Ugandan footballer (born 1997)

Abdu Lumala (born 21 July 1997) is a Ugandan professional footballer who plays as a forward for I-League club Gokulam Kerala and the Uganda national team.

==Club career==

===Early years===
Abdu grew up with his grandmother in the village of Kataba since his mother had died when he was just a few months old and since the father was unknown. When he was 10 he was given a Henrik Larsson-shirt as a birthday present by his aunt. In hope of receiving a better life his grandmother sent him away to the capital Kampala when he was 16. Abdu took many jobs, mostly washing cars before he met a few white Europeans who managed to get him on a plane to Sturup Airport.

===Sweden===
He was left alone on the streets of Malmö and there he contacted Migrationsverket. They managed to get accommodation for Abdu in the little town of Bromölla. There he started training with the local club Ifö/Bromölla playing in the Swedish 5th tier, but after not managing to find any football shoes he and a friend moved to 9th tier side Gualövs GoIF. He was instantly made captain and after scoring 20 goals in 10 games big local club Mjällby AIF signed him in the summer of 2014. He played the rest of the year with the U17s and U19s. Before the next season Abdu was moved up to the A-Team playing in Swedish second division Superettan. He impressed, scoring 3 goals in 24 games being only 17 when the season started.
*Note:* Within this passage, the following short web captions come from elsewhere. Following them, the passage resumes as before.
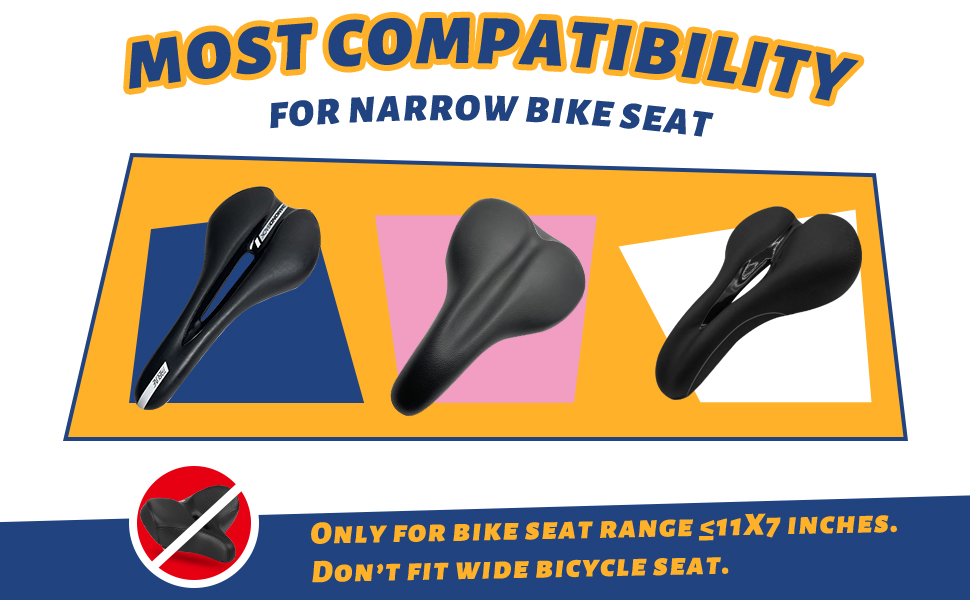 CYCLESPEED Bike Seat Cover Gel Bike Seat Covers for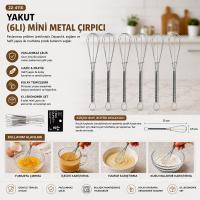6PCS MİNİ=13CM METAL ÇIRPICI
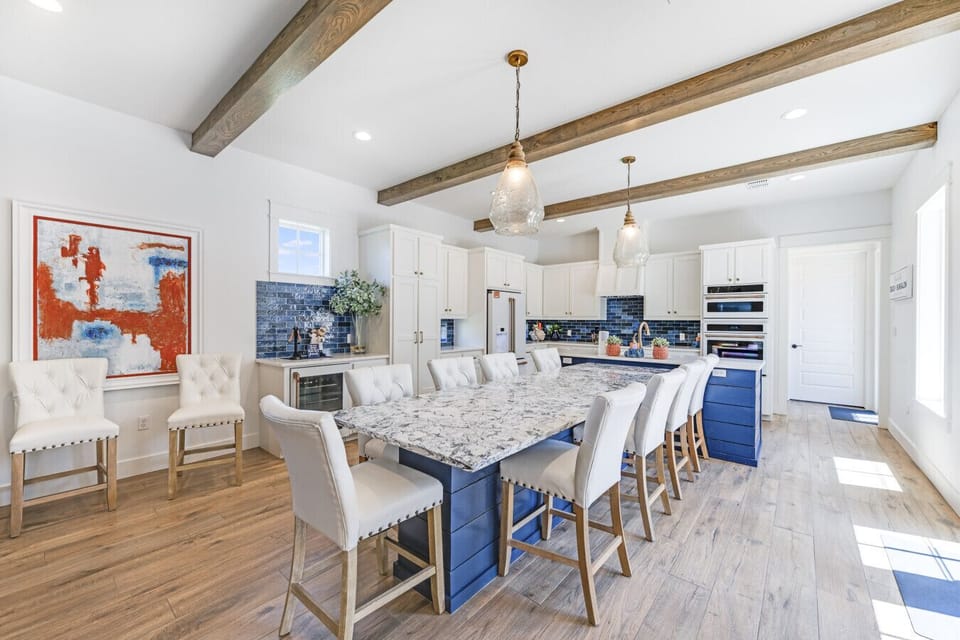 Bright dining space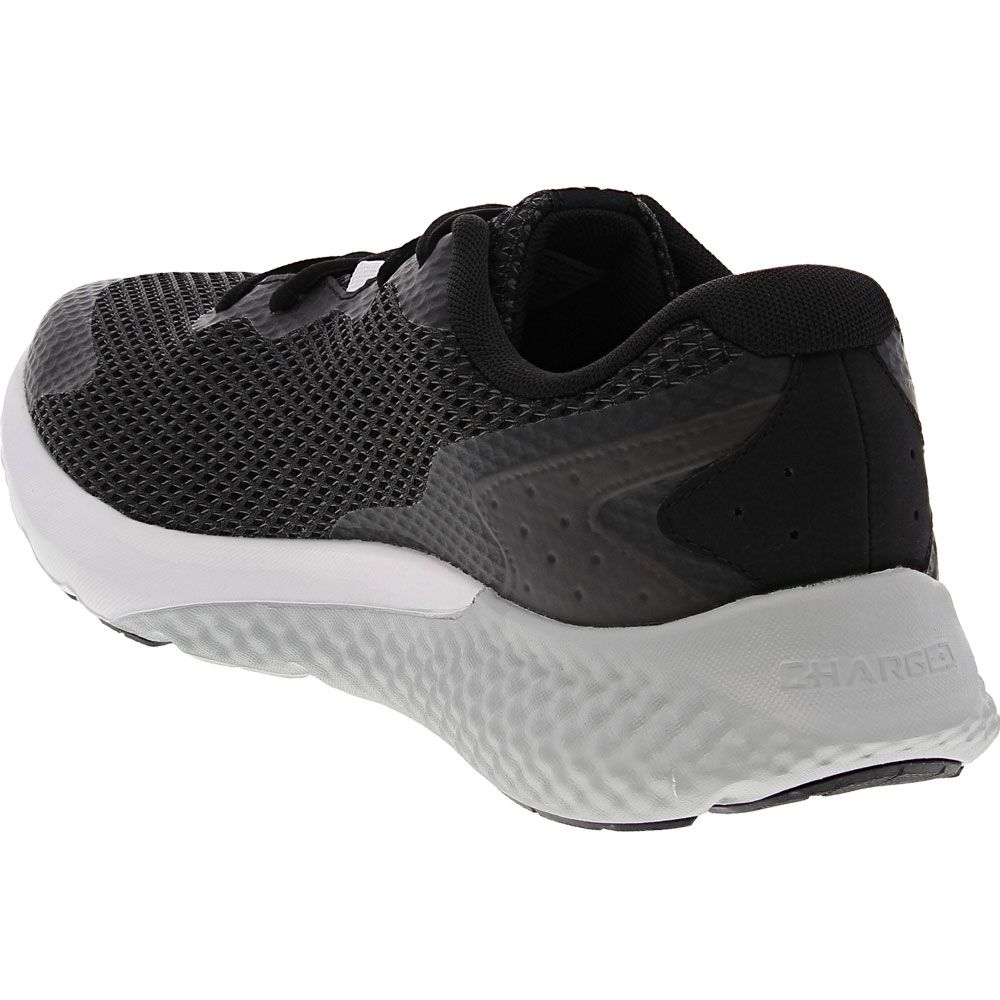 Under Armour Charged Rogue 3 Running Shoes - Mens Black Grey Back View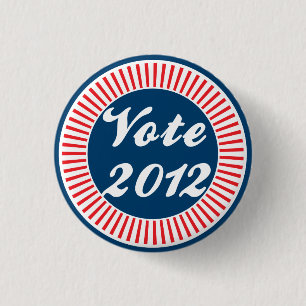 Vote 2012 Election 3 Cm Round Badge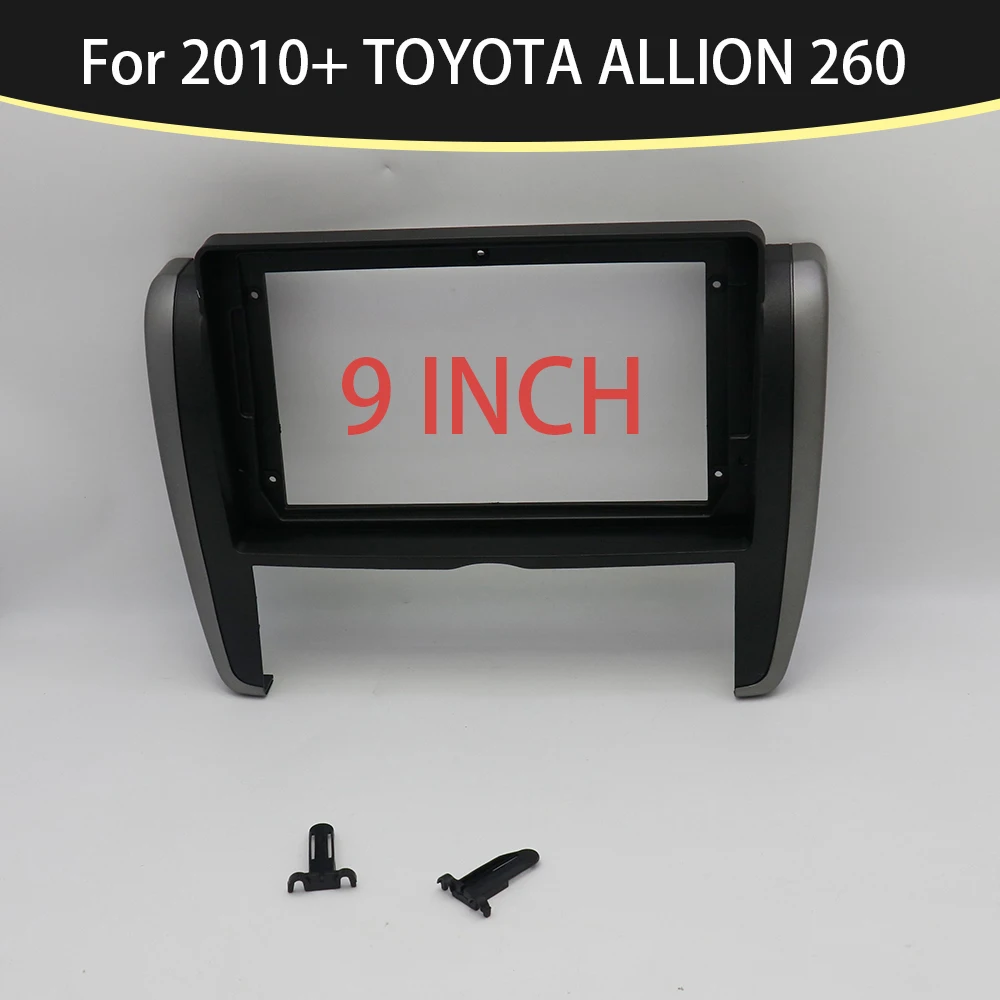 

9-дюймовая рамка для автомагнитолы, GPS, MP5, Android-плеера 2 DIN для Toyota Allion 2010 года, панель приборов, накладка на приборную панель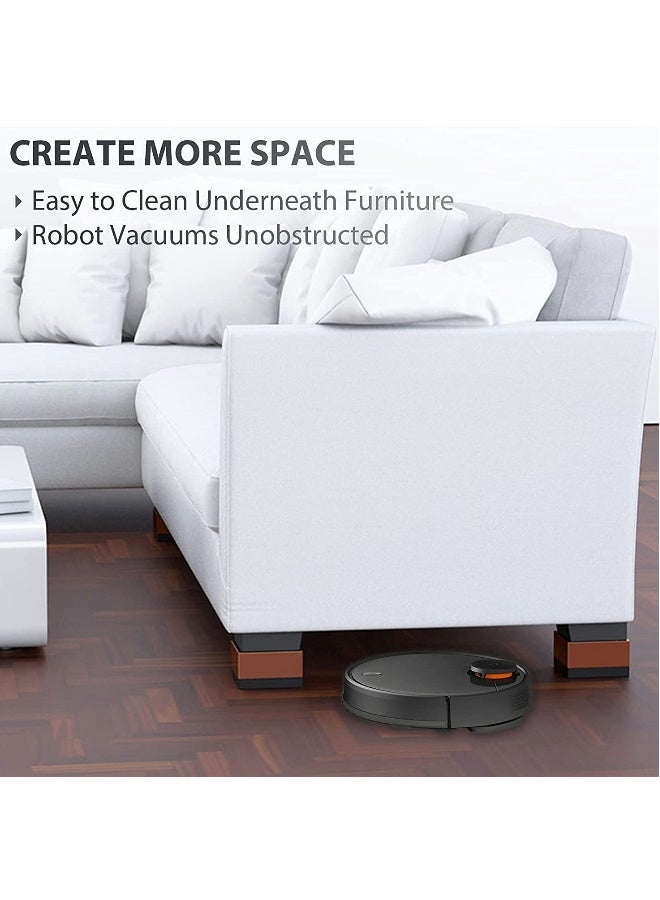 Adjustable Bed Risers for Table Couch Bed Frame 45 inch Height Heavy Duty Lifters (Set of 4) - Image 3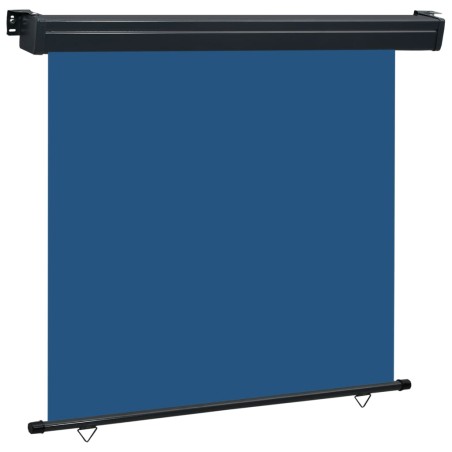 vidaXL Toldo lateral de balcón azul 170x250 cm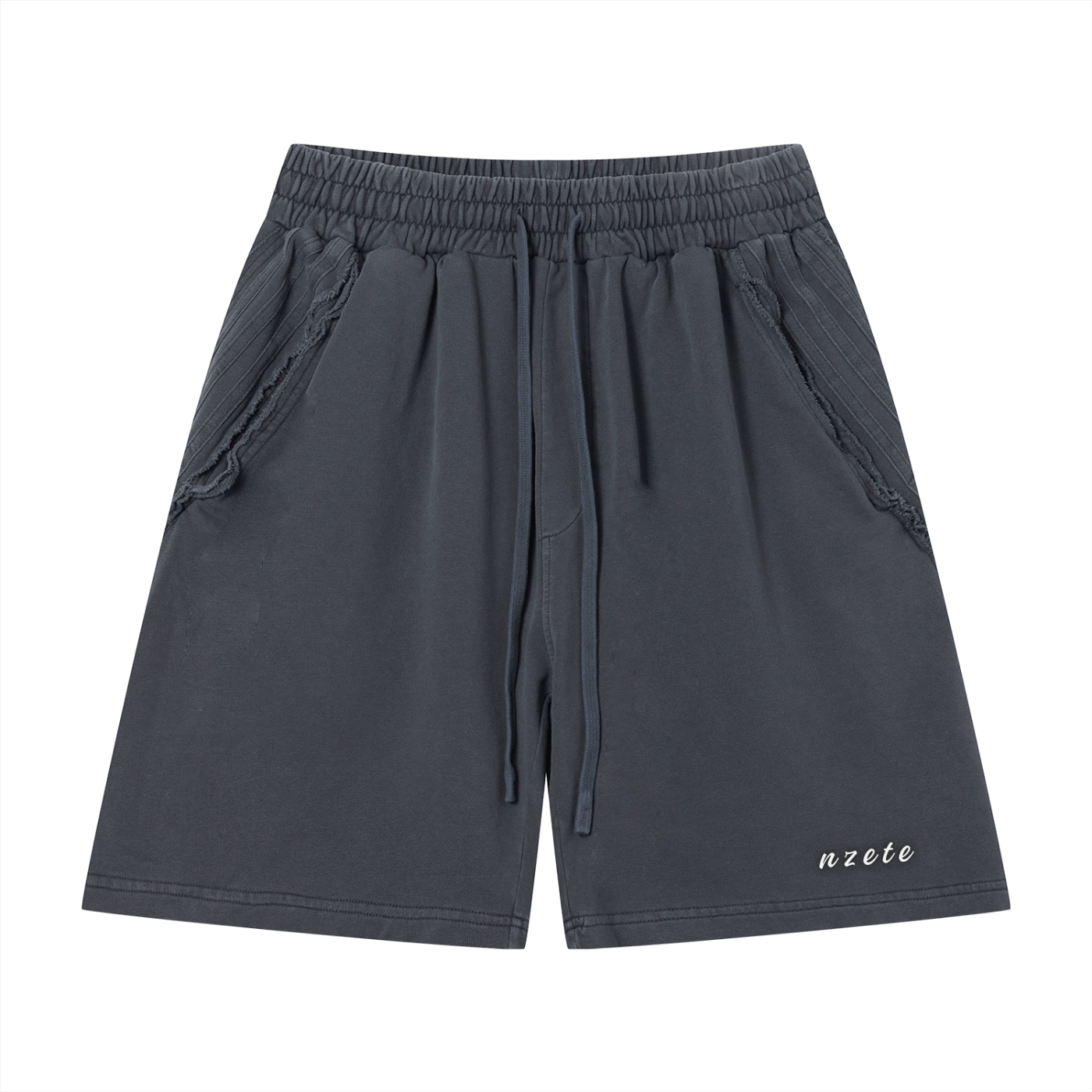 Unisex Vintage Wash Raw Edge Shorts
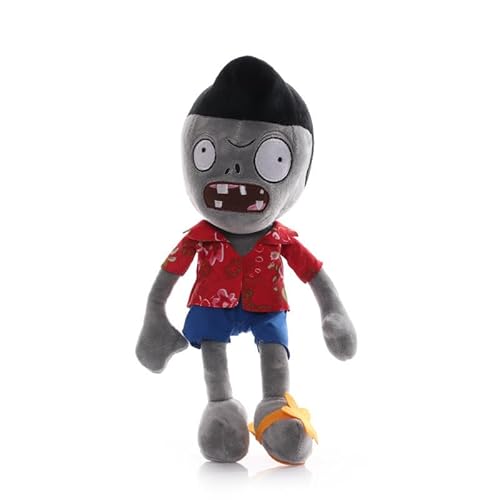 iFii PVZ Cosplay Zombie Plüsch 30cm Disco/Rock/Dance Zombie Stoffpuppe Pflanzen vs Zombies Weiche Puppe Spielzeug Geburtstagsgeschenk für Fans (Disco-Zombie) von iFii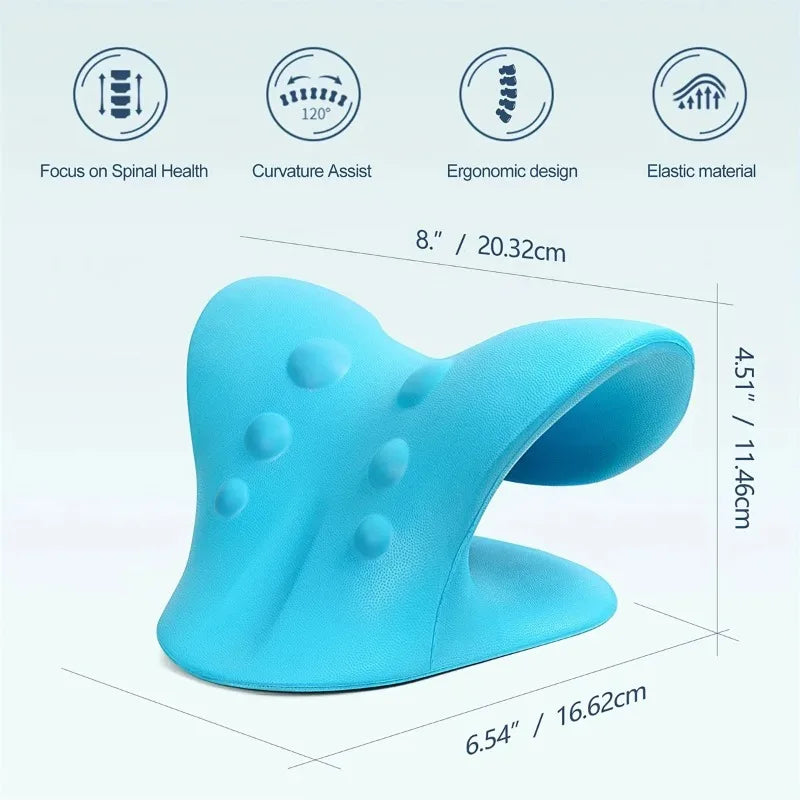 Neck Shoulder Stretcher Relaxer Cervical Chiropractic Traction Device Pillow for Side Back Stomach Sleeper Remedial Pillows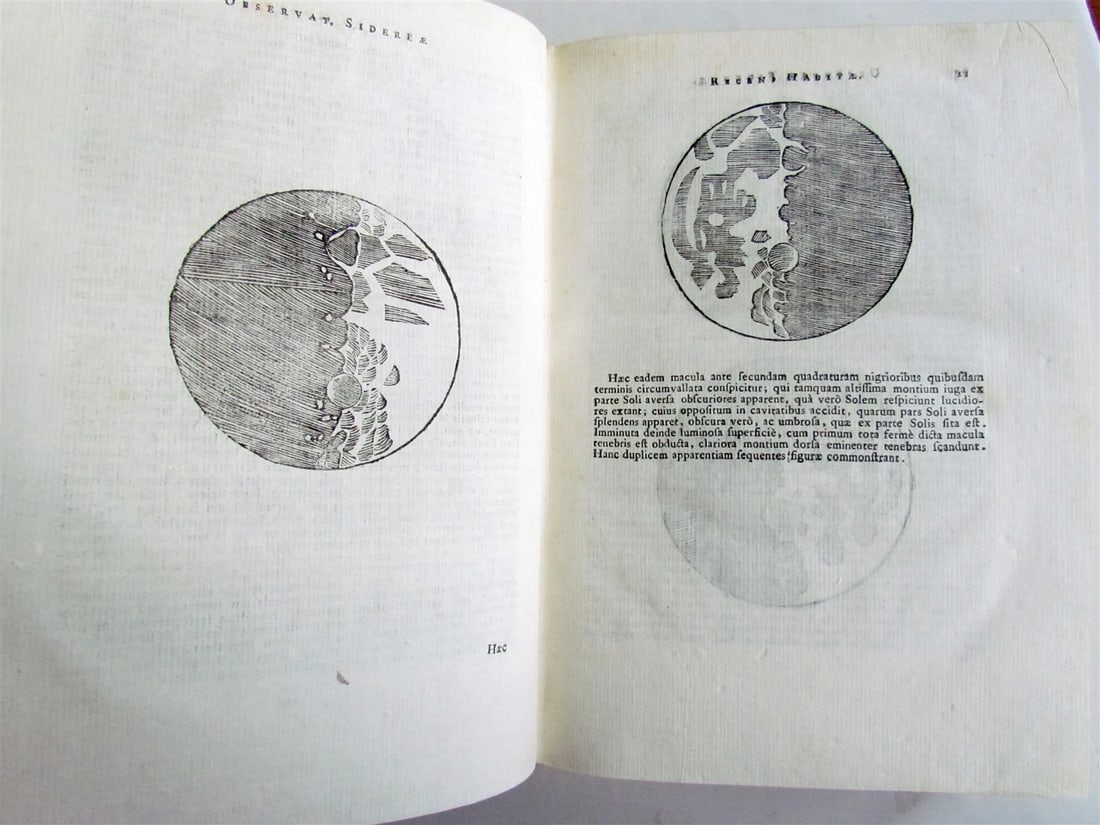1718 GALILEO GALILEI 3 volumes OPERE illustrated VELLUM BOUND antique SCARCE - 8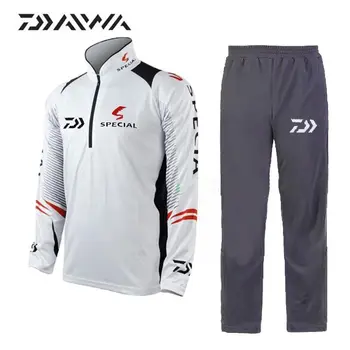 Najnovšie Dawa Daiwa značky Rybárske oblečenie pre mužov, Letné štýl priedušná Sun UV ochrany outdoorové športové oblečenie, Rybárske set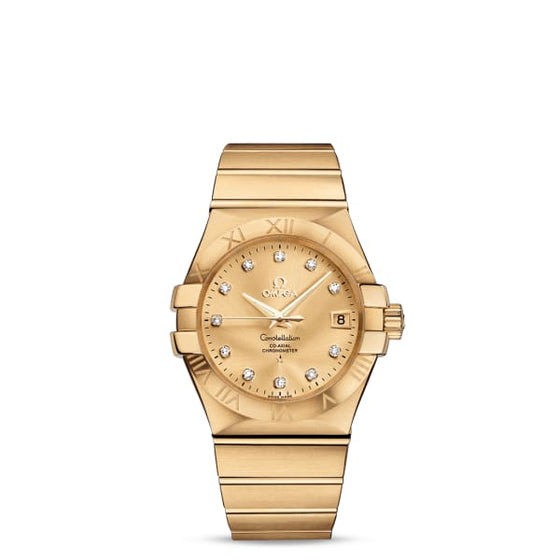 OMEGA 123.55.38.21.58.001 CONSTELLATION CO-AXIAL 38mm YELLOW GOLD - BRAND NEW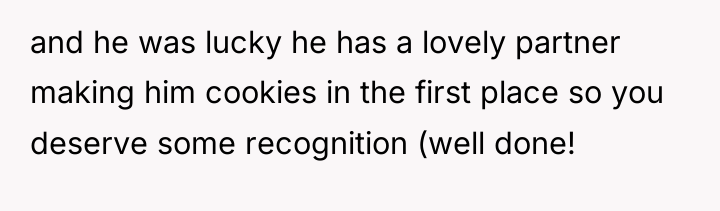 and he was lucky he has a lovely partner making...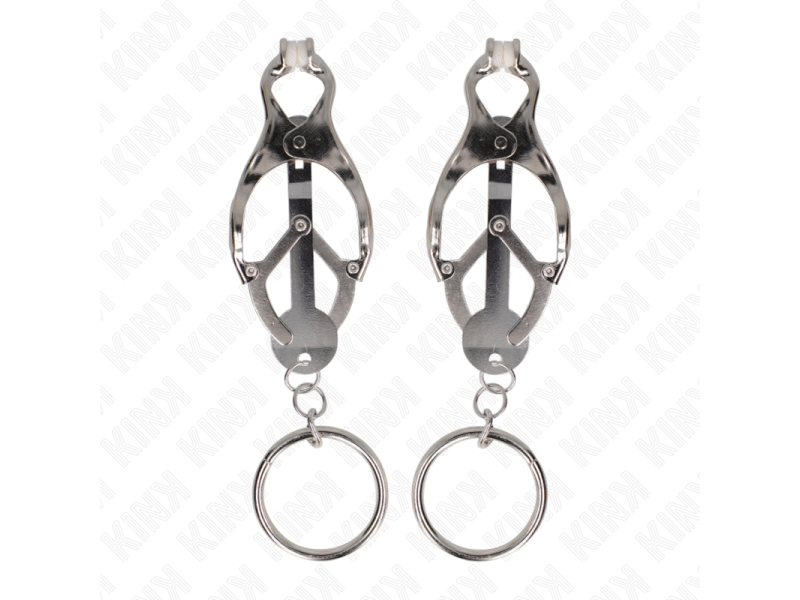 KINK - O-RING JAPANESE CLOVER NIPPLE CLAMPS SILVER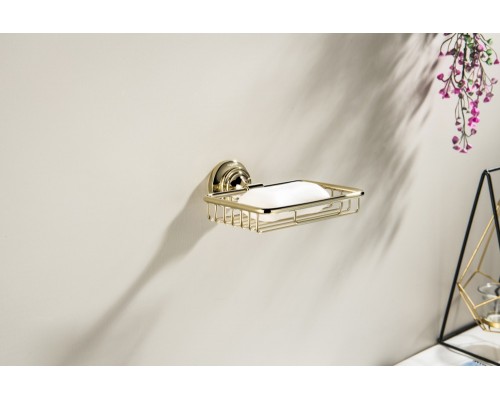 AQ4533PG КЛАССИК мыльница решетка, полир. золото AQ4533PG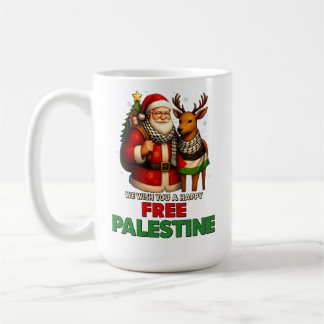 Mug Santa for Palestine – Christmas Peace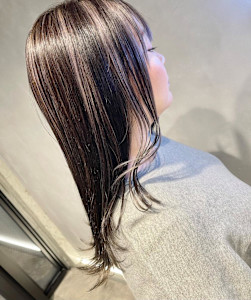 上品ハイライト/ミルクティーベージュ/グレージュ - Aco掲載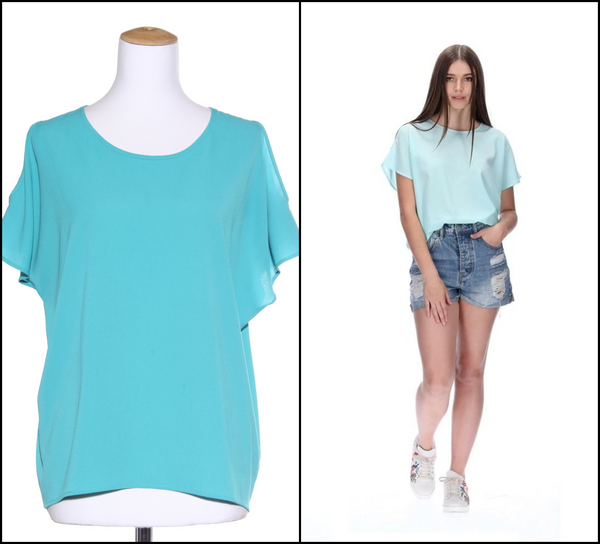 PRETTY BASIC By Augustine - Victor tee - Teal! 12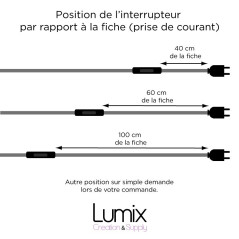 Lampe baladeuse à douille silicone vert lime et câble textile vert lime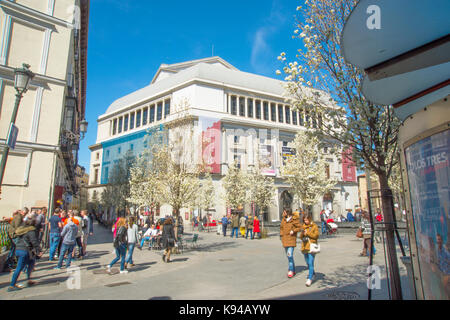 Royal Theater. Isabel II Square, Madrid, Spanien. Stockfoto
The rumours of his talent spread and clubs like Malmö FF and Olympiacos wanting to sign him.

===Kalmar FF===
Abdu instead ended up in Swedish top flight club Kalmar FF. In his first season, he played 10 league matches.

====Loans====
Ahead of the 2017 season Abdu was loaned out to Superettan club Varbergs BoIS. After half a season with the club, he returned to Kalmar FF just to be loaned out once again, this time to his idol Henrik Larsson's mother club Helsingborgs IF. He made his debut in a game against GAIS. At the back of Abdu's shirt it says "Lumalinho".

===Pyramids FC===
In July 2019, Abdu joined Egyptian Premier League club Pyramids FC where he linked up with former Uganda coach Sébastien Desabre.

===Slaven Belupo===
On 27 March 2024, Abdu returned to Europe and signed a contract with the Croatian club Slaven Belupo.

===Gokulam Kerala===
In July 2024, Abdu joined Indian I-League club Gokulam Kerala.

==International career==
He made his Uganda national team debut as a starter on 9 June 2019, in a 0–0 friendly tie versus Turkmenistan.

==Career statistics==

===Club===

Appearances and goals by club, season and competition
| Club | Season | League |  |  | Cups |  | Continental |  | Other |  | Total |  |
| Division | Apps | Goals | Apps | Goals | Apps | Goals | Apps | Goals | Apps | Goals |
| Gualövs GoIF | 2014 | Division 7 Blekinge | 10 | 20 | – |  | – |  | – |  | 10 | 20 |
| Mjällby AIF | 2015 | Superettan | 24 | 3 | 3 | 1 | – |  | 2 | 0 | 29 | 4 |
| Kalmar FF | 2016 | Allsvenskan | 10 | 0 | 5 | 2 | – |  | – |  | 15 | 2 |
| Varbergs BoIS (loan) | 2017 | Superettan | 10 | 1 | – |  | – |  | – |  | 10 | 1 |
| Helsingborgs IF (loan) | 2017 | Superettan | 10 | 1 | – |  | – |  | – |  | 10 | 1 |
| IFK Värnamo (loan) | 2017 | Superettan | 22 | 0 | 2 | 0 | – |  | 2 | 0 | 26 | 0 |
| Syrianska FC (loan) | 2019 | Superettan | 9 | 1 | – |  | – |  | – |  | 9 | 1 |
| Career total |  |  | 95 | 26 | 10 | 3 | 0 | 0 | 4 | 0 | 109 | 29 |

===International===

Appearances and goals by national team and year
| National team | Year | Apps | Goals |
| Uganda | 2019 | 8 | 0 |
| 2020 | – |  |
| 2021 | 3 | 1 |
| Total |  | 11 | 1 |

Scores and results list Uganda's goal tally first, score column indicates score after each Lumala goal.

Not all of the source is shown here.